Tomato Plant, Curvularia protuberate, Virus (CThTV), Drought Stress

1. Introduction

Fossil records show that fungal symbionts existed in plants over 400 million years ago [1] and may have been a key component in the shift from aquatic to terrestrial plants [2] . The relationship between plants and soil microorganisms has recently received more attention due to the fact that many microorganisms out of the approximately 30,000 species existing in soil at any given time demonstrate the potential of benefiting plants. Many scientific studies have examined the importance of plant-fungal symbiotic relationships in enhancing plant tolerance for various abiotic stresses such as drought, salinity, heat, cold, oxidative stress, and metal toxicity [3] - [7] . With the continuous dramatic climate changes such as global warming and widespread drought in many regions, serious problems in food production are predicted with increases in demand as a result of the increase in human population [8] . It has been reported that 868 million people on Earth (12% of the population) were undernourished between 2010 and 2012 [9] . It has become imperative to improve food production to keep pace with the increasing demand. The use of beneficial microorganisms to extend the growing range of crop plants is a feasible technique to increase food production.

Endophytes and mycorrhizae are two major classes of fungal symbionts associated with internal plant tissues [10] . Endophytes are found in all plant tissues including roots, stems, leaves, or flowers, whereas mycorrhizal fungi are only found in roots and the extending rhizosphere. Endophytes are the largest group of fungal symbionts, spanning a large host range from both monocot and eudicot plants [6] . Endophytes are further classified into four different classes based on host range, tissue colonization, biodiversity levels, transmission between host generations, and acquired fitness benefits [11] . Class 1 endophytes are known as clavicipitaceousendophytes (C-endophytes), and classes 2, 3, and 4 are nonclavicipitaceousendophytes (NC-endophytes). NC-endophytes are a highly diverse group consisting of many undescribed species and largely unknown ecological roles.

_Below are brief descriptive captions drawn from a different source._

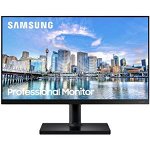 Monitor LED Samsung T45F LF24T450FZUXEN LED 24" 75Hz 5ms HDMI DP USB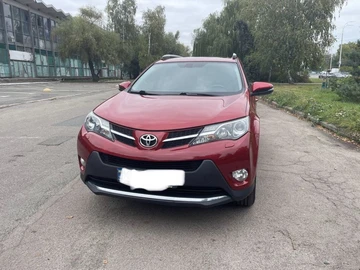 Авто Toyota Rav 4 2013 № 8030849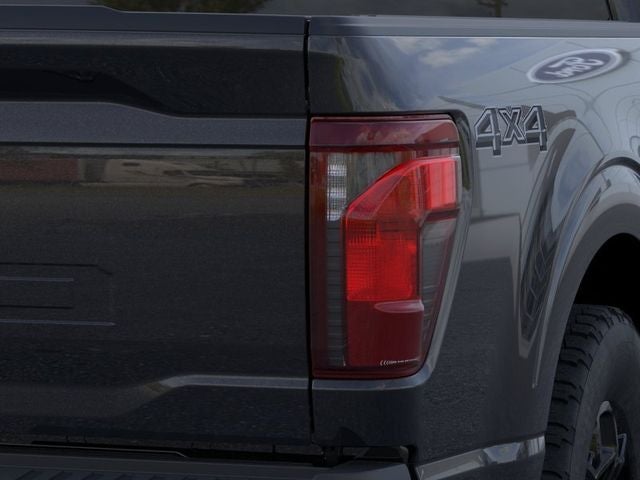 2026 Ford F-150 XLT Dark Trail Accessory PKG.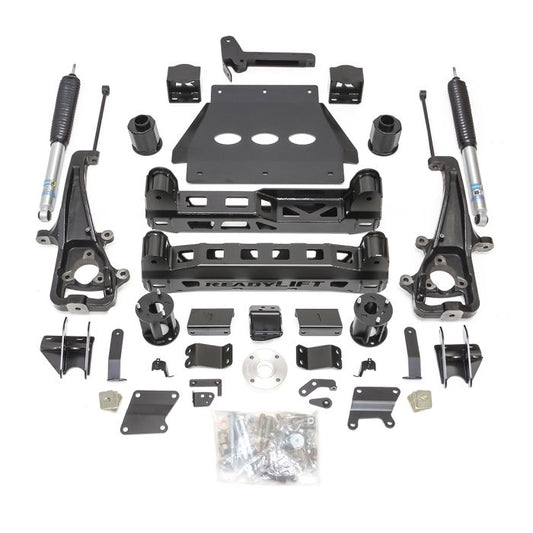 ReadyLift 6" Lift Kit - Ram 1500 With Factory Air Suspension - 2019-2024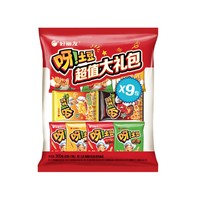 Orion 好丽友 呀土豆薯棒 360g 节日送礼大礼包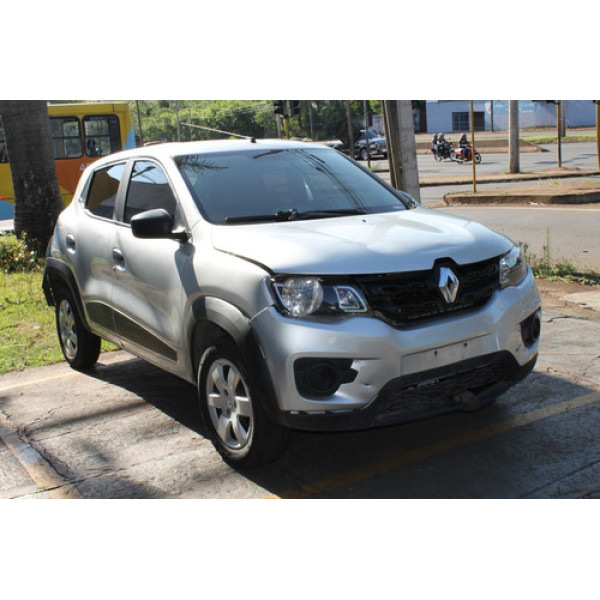 Peças Renault Kwid Zen 3cc 1.0 2018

The fungus Curvularia protuberata Nelson is classified within Class 2 of the NC-endophytes. This class is distinguished from the other classes in that it can colonize shoots and roots and bestow adaptation advantages to host plants growing under a wide range of abiotic and biotic stresses (Rodriguez et al., 2009). This particular fungus has been mutually associated with panic grass (Dichanthelium lanuginosum (Elliot) Gould), but also with other hosts such as tomato (Solanum lycopersicum L.) [12] reported that C. protuberata inoculated in panic grass and tomato failed to induce heat tolerance without the presence of Curvularia thermal tolerance virus (CThTV). They suggested that the induced tolerance resulting from the symbiotic interaction involved osmoprotection due to significant accumulation of trehalose, glycine, betaine, and taurine. Rodriguez et al. (2008) reported that plants activated a number of physiological responses under water stress, and fungal endophytes were known to aid in these responses by promoting drought stress tolerance. Osmotic adjustment and water use efficiency were among the major responses associated with enhanced tolerance in this work [6] . Furthermore, they reported that tomato plant water consumption was 30% - 50% less in symbiotic plants with a Class 2 endophyte in comparison to non-symbiotic plants. They concluded that water use efficiency may be considered more significant than osmotic regulation in combating drought stress. A wide range of metabolic solutes serve as protectants and deterrents of osmotic stress [4] . Some sugars and sugar alcohols are known to protect plant cells from damage by either scavenging reactive oxygen species (ROS) or stabilizing protein structures [13] . One of the major soluble sugars influencing drought stress is trehalose [3] [13] . Trehalose is a non-reducing disaccharide found in bacteria, fungi, and some desiccation-tolerant plants, where it can serve as an osmoprotectant and storage carbohydrate during stress conditions such as drought and increased salinity [13] . The effectiveness of trehalose is mostly the result of stabilizing the cell membrane by establishing hydrogen bonds with the polar head, thereby altering the space of the polar head [14] . An improvement of water stress status in tomato due to osmotic adjustment was also reported as a result of an arbuscular mycorrhizal fungal symbiotic interaction [15] .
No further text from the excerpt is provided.